Exercise requirements:
Everything from the line with "#001Υͥ/Call of Duty: Modern" to the final line of the entries, both included, should be restated word for word; please omit the pictures.
● ● ● ●
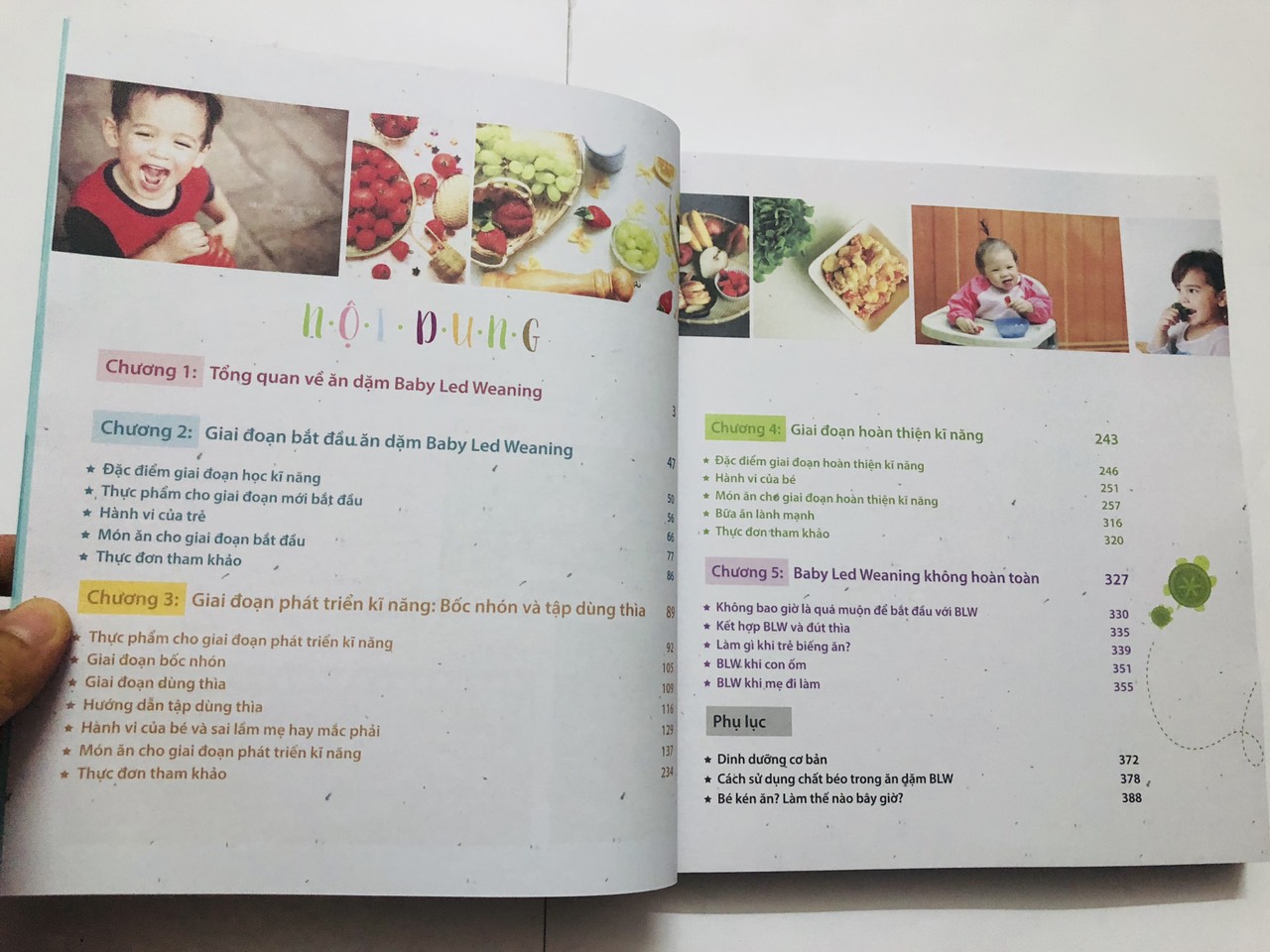 Sách - Ăn Dặm Không Phải Là Cuộc Chiến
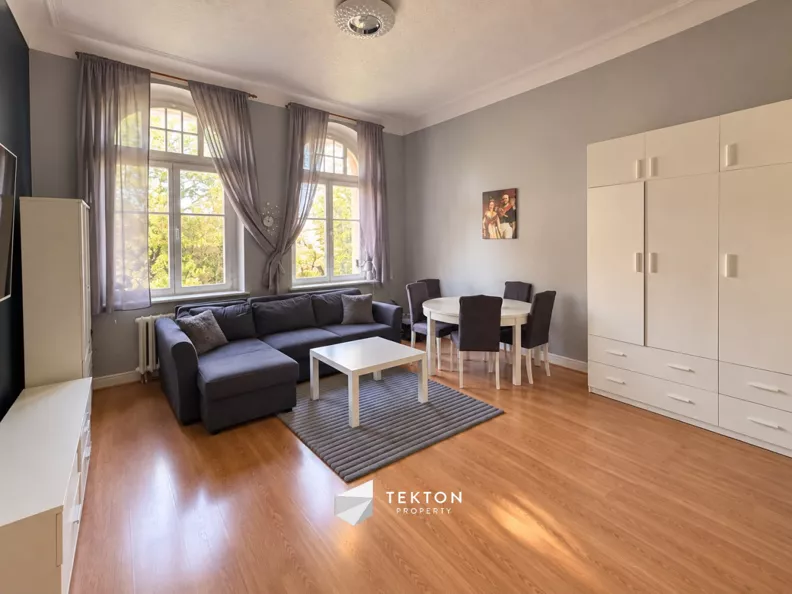 3 pokoje, mieszkanie 64,00 m², parter, oferta nr , TC875670, Bydgoszcz, Aleje Ossolińskich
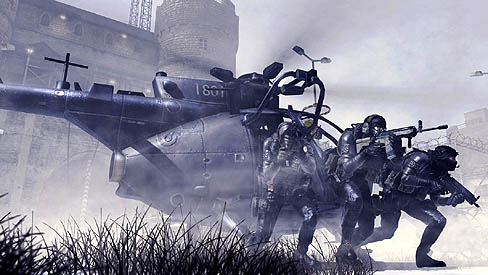 #001Υͥ/Call of Duty: Modern Warfare 3פ˼ͽΥޥץ쥤ѿ⡼ɤȤơSurvival Modeפо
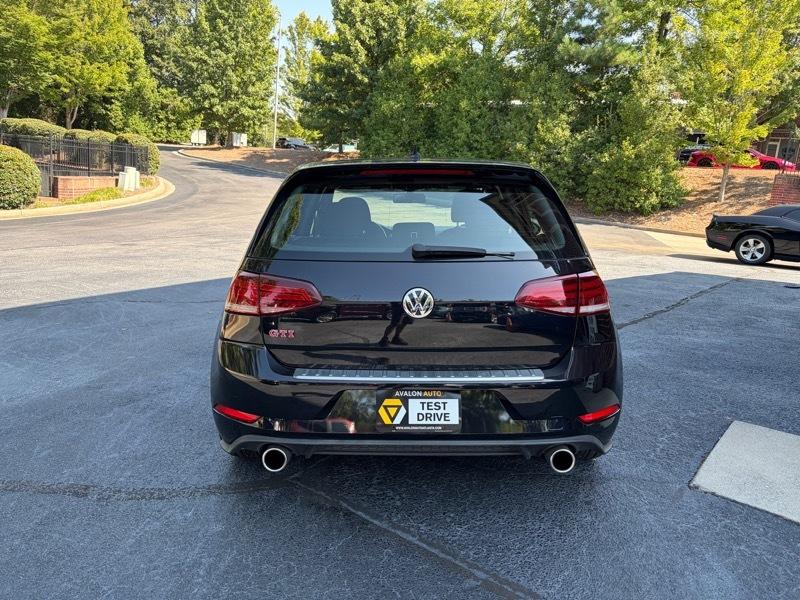 Volkswagen Golf GTI S 6M 2019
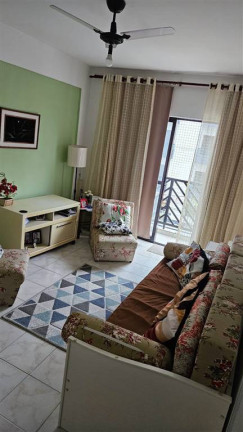 Imagem Apartamento com 1 Quarto à Venda, 50 m² em Caiçara - Praia Grande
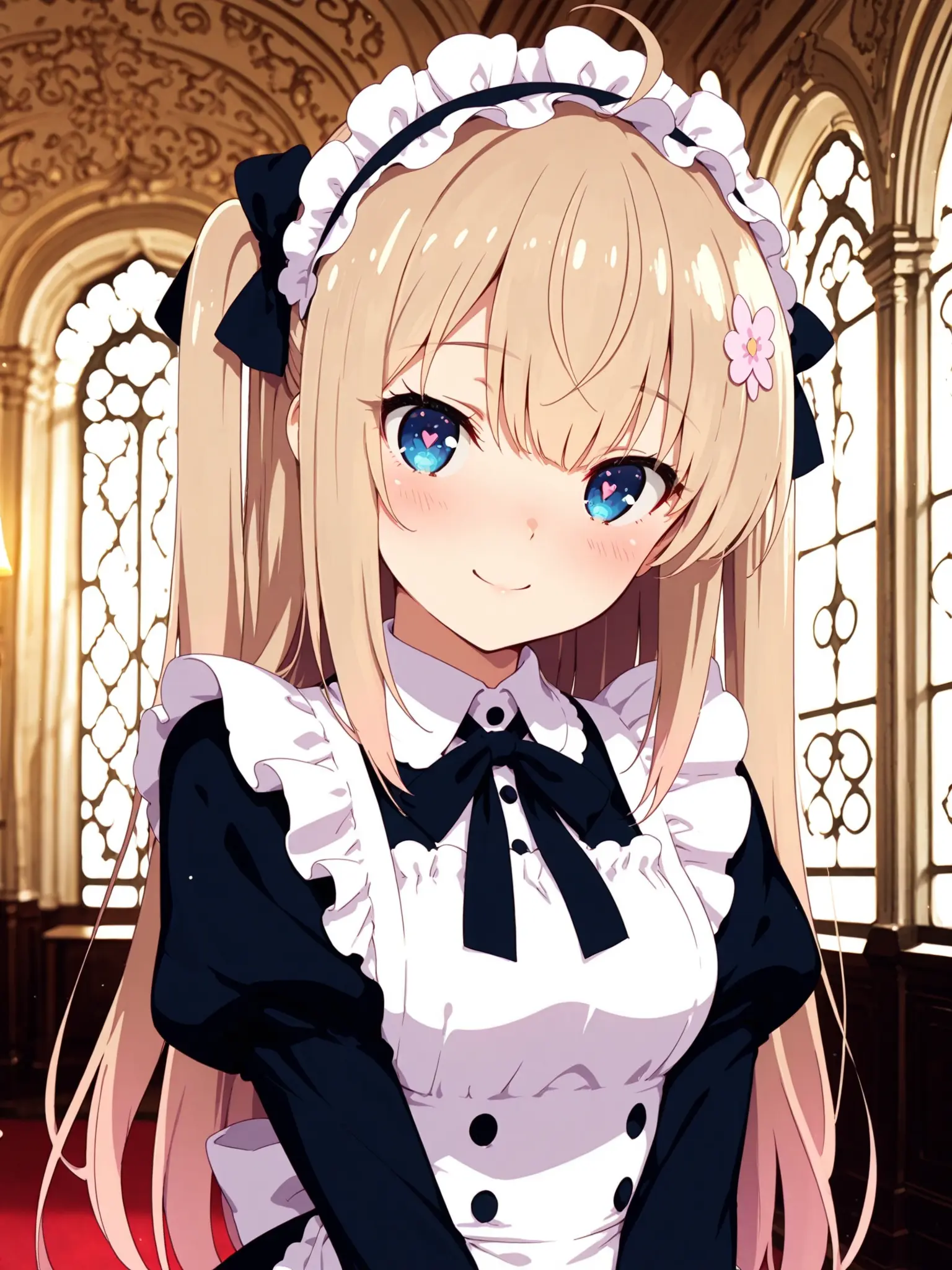 HeavyTrack1737의 極限まで甘やかすメイド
● ● ● ●
Answer to this exercise:
 #001Υͥ/Call of Duty: Modern Warfare 3פ˼ͽΥޥץ쥤ѿ⡼ɤȤơSurvival Modeפо
 Volkswagen Golf GTI S 6M 2019
 Imagem Apartamento com 1 Quarto à Venda, 50 m² em Caiçara - Praia Grande
 HeavyTrack1737의 極限まで甘やかすメイド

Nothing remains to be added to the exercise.